2012 ECO MT - Black Granite/Cloth; 814 mile range; Bluetooth Stereo AUX; OEM Fogs w/Chrome Covers; GM Spare tire; VG Shark Fin
2010 Mit Lancer GT MT (traded for ECO @31K miles)
2002 Pont Montana AWD (traded for 2012 LS @182K miles)
1990 Pont Transport (traded for Montana @240K miles)
1986 Fiero GT MT (traded for Transport)
1985 Fiero 2M4 MT (traded for Fiero GT @8K miles)
But seriously.. unless you are driving further than 30 miles (which most people aren't) you know only you save like 3-4 minutes by going that fast vs. the speed limit right? You are probably burning a good 20% more gas too.
At 30 miles one way you save 7 minutes which is 14 round trip. Significant IMO. Then again, I have little patients and I have driving.
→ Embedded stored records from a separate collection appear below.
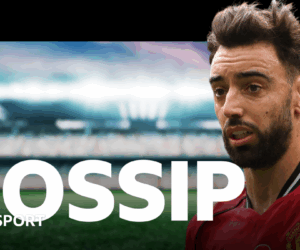 Football gossip: Fernandes, Kane, Alvarez, Stiller, Rayan, Mikautadze, Barrios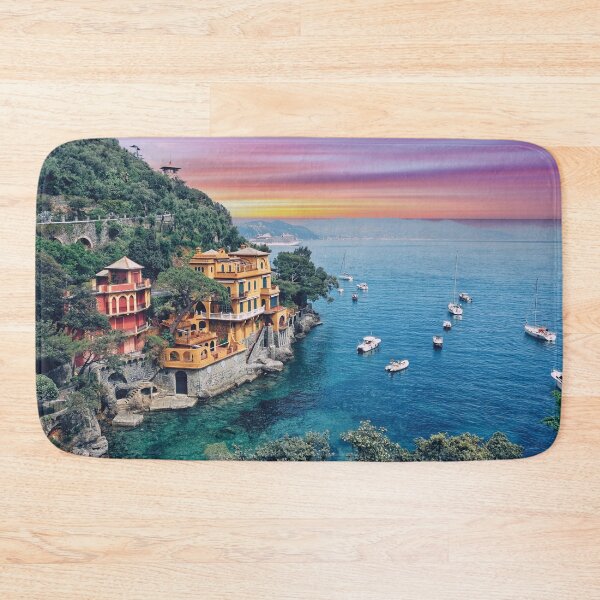 Item preview, Dream vacation in Portofino, Italy designed and sold by Mauswohn.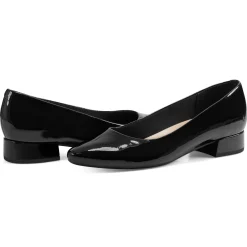 Caldise Low Heel Dress Shoes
Last edited by titan2782; 12-05-2012 at 06:13 PM.
Back to stock. Bored.
If you can do it then by all means. 102 miles is a lot of traveling!!! As many others have said as well, you have a manual transmission which responds better to higher speed than the automatics.
However, for the average person the math just doesn't check out.
Assuming you travel 30 miles on the highway at 65 mph speed limit. This is how constant speed equates to time:
60 mph - 30 minutes, 0 seconds.
65 mph - 27 minutes, 36 seconds.
70 mph - 25 minutes, 43 seconds.
75 mph - 24 minutes, 0 seconds.
80 mph - 22 minutes, 30 seconds.
85 mph - 21 minutes, 11 seconds.
So yeah, how much is your time worth? Since most people actually only drive 15-20 miles per day the actual timed saved by driving like a madman vs. obeying the speed limit is at most 2-3 minutes. It is up to you to determine if it is worth it.
Your post reminded me of this. I love this quote.Originally Posted by George Carlin
Back to stock. Bored.
9.2L/100KM (like ~25mpg?) 99% city driving on my 2012 LT 1.4L. It seems normal but I swear my gas just disappears over the weekend :s
2012 Cruze LT 1.4L - 9000KM
Intelligence was finally shown when the spark gap was specified at 0.028 inches, when some engineer specified a 0.060" gap, he didn't know the difference between voltage nor current, thinking a higher voltage would produce a hotter spark. When in fact its current that produces a far greater reliable spark. This greatly reduces the tension on the plug wires, prevents combustion chamber swirls that can literally blow the spark out, and in particular with a turbo engine.
In the typical distributorless ignition system, to save cost, one coil is used to fire two plugs, doubling the effective gap. Least the 1.4 L turbo has its own coil for each plug. If a plug does misfire, all the energy is absorbed by a zener diode located in the ignition module.
I installed Autolite double plantinum APP3923 spark plugs in my Cruze, gapped to 28 mils. Put a very thin coat of anti-seize on the the threads and torqued to 18 ft-lbs. Removed the boots from the coil pack and stretched out those spring contacts, they can bind on the inside of the boots leaving a very large gap. Coated the inside of those boots with dielectric grease so you can remove them down the road. Otherwise the bake on as hard as a rock and you will break them off.
What a huge difference that made in my Cruze in terms of engine load power and fuel economy. I don't go by myth, have been designing ignition systems for over 30 years. The size of the coil core its losses determine the energy of the spark in joules, the larger the better, but had budget considerations. Second most important factor is the fall time of that gated bipolar transistor so that little bit of energy stays in the coil and not dissipated by that transistor. Then getting that energy across the gap of that plug and not the interconnecting wires.
Really seen an improvement in the Cruze ignition system. Surprised they don't have a TSB on those springs, too short from the factory.
Still burning that filthy carbon gas that builds up on the center electrode, I blast mine with walnut shells every 20K miles and check the gap, that carbon is conductive and shunts out your spark. Spark plugs and gasoline is over a hundred years old now, but still have the same problems.
In theory, can't really increase the performance of an ignition system if you are getting good hot spark at the correct time. Carbon is one of the largest enemies.
I've run Autolite Double Plats in a turbo car before - my experience is that they're unhappy with them after about 5K and start blowing out at high RPM at stock gaps. It misfired so bad on a hard 1-2 shift (though the car didn't show it was misfiring) that I thought the auto transmission was lurching and in its death throes. This is not just Autolites, but pretty much ALL platinum plugs.
Platinum plugs don't produce as strong of a spark - it always ran fine on regular copper plugs, which is a standard practice in most boosted applications. Iridium plugs have the advantage that they conduct a spark better (while also resisting erosion WAY better than copper), but they're also much more expensive than either platinum or copper plugs.